- **EXTRACTED MATERIAL**:
-*-
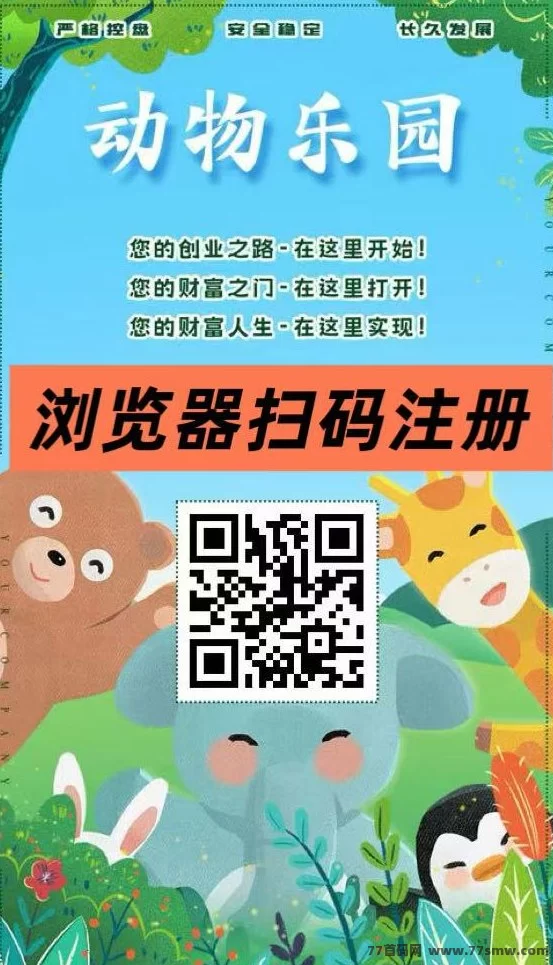 动物乐园注测即送999圆，直推一人奖励7.5圆，自动褂机分荭，裂变收溢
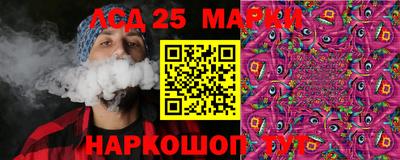 мефедрон Малгобек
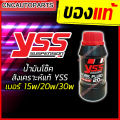 (100% genuine) YSS fork fluid synthetic shock oil 10W / 15W / 20W / 30W 250 ml. 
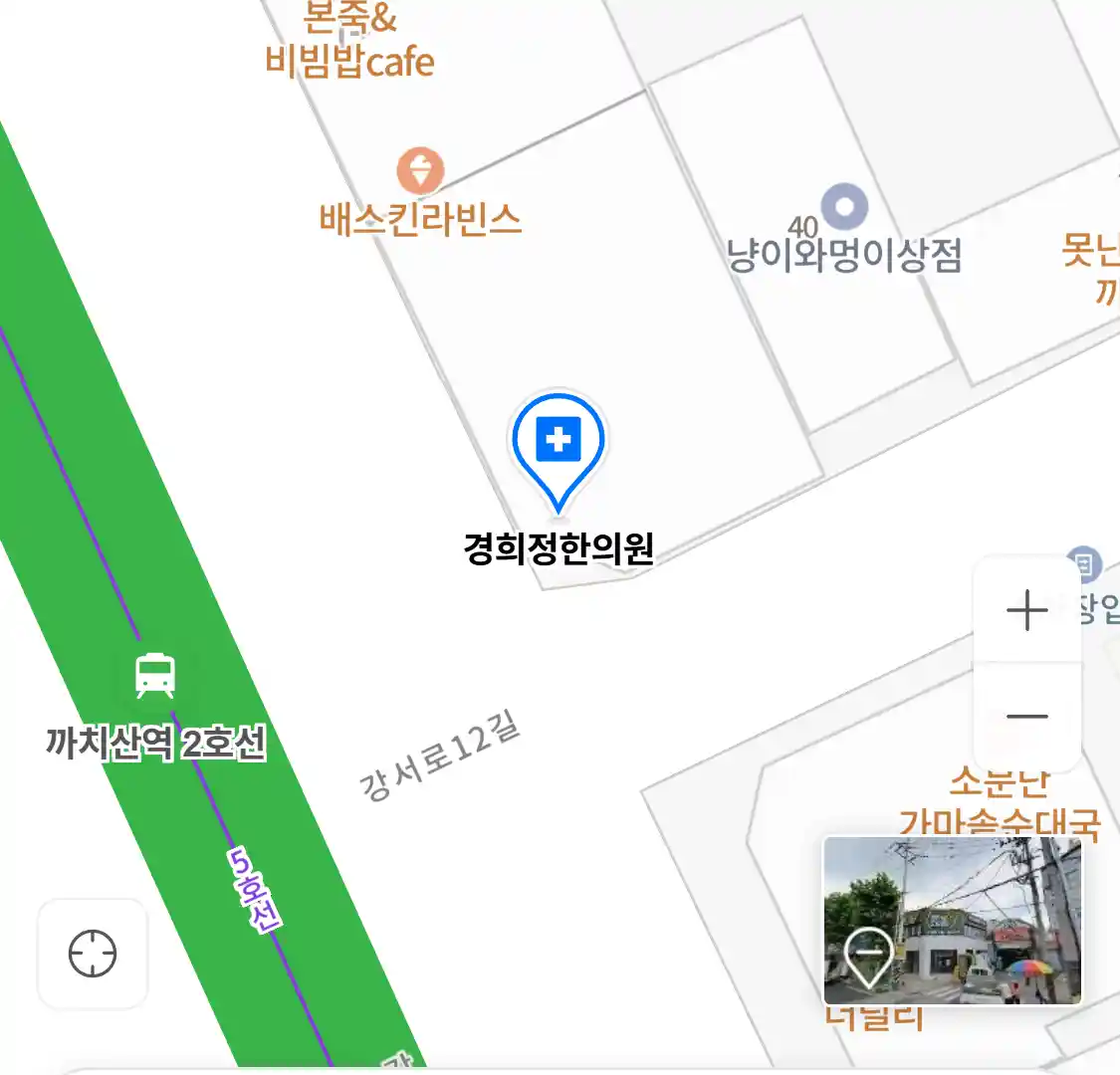 경희정한의원 위치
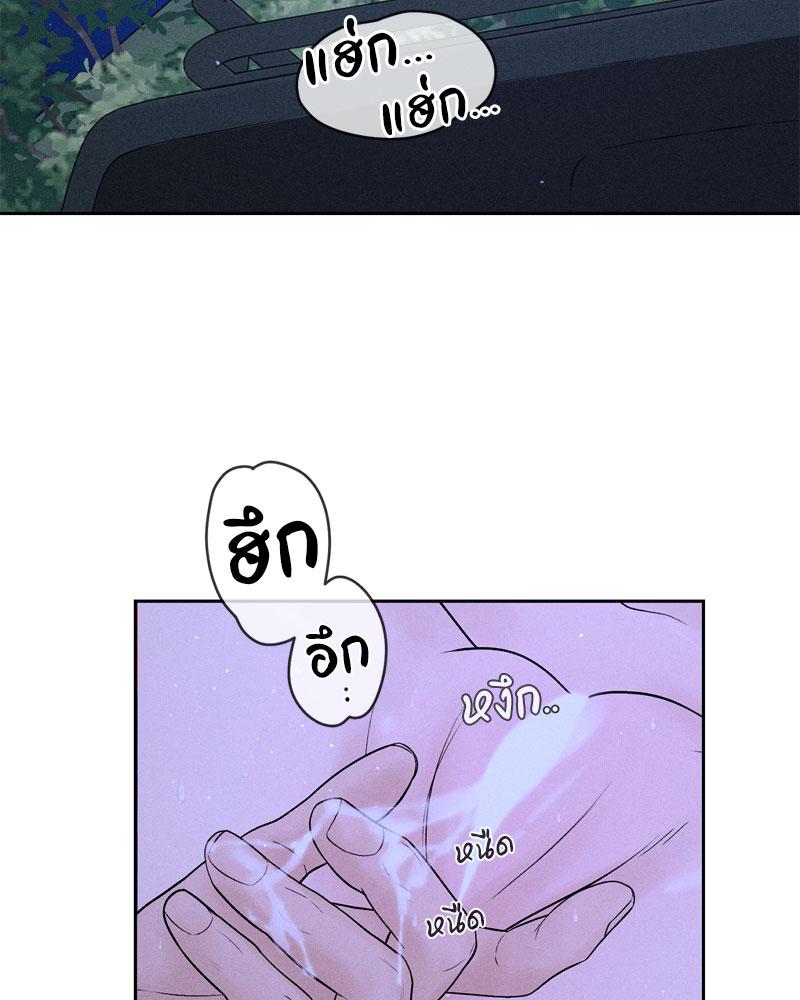 Payment for the Ride – Payment for the Ride – ตอนที่ 5 หน้า 84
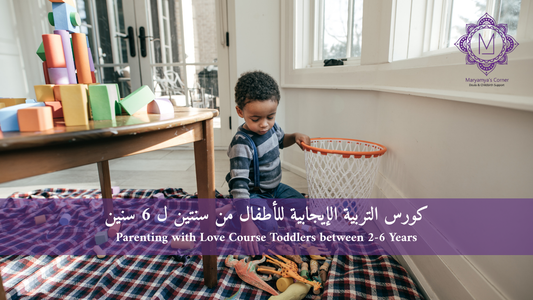 Parenting with Love Course for Toddlers 2–6 Years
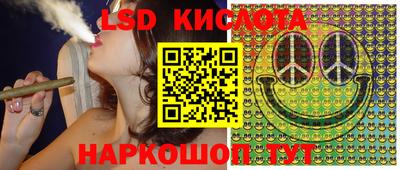 дмт Конаково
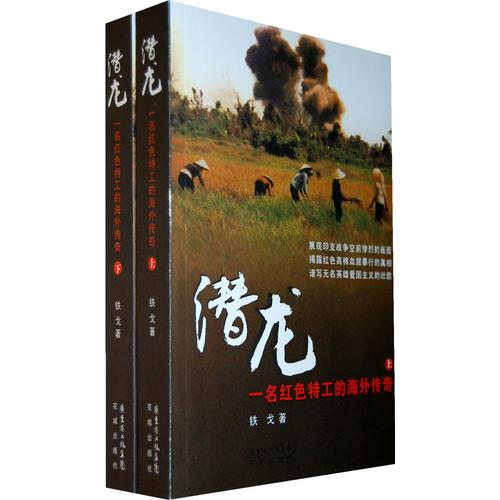 潛龍：一名紅色特工的海外傳奇（上下冊）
-*-
- **BRIEF**: The records above are to be reproduced exactly; the pictures are to be left out.

- **SOLUTION TO THE EXERCISE**:
 动物乐园注测即送999圆，直推一人奖励7.5圆，自动褂机分荭，裂变收溢
 мефедрон Малгобек
 (100% genuine) YSS fork fluid synthetic shock oil 10W / 15W / 20W / 30W 250 ml. 
 경희정한의원 위치
 Payment for the Ride – Payment for the Ride – ตอนที่ 5 หน้า 84
 Parenting with Love Course for Toddlers 2–6 Years
 дмт Конаково
 潛龍：一名紅色特工的海外傳奇（上下冊）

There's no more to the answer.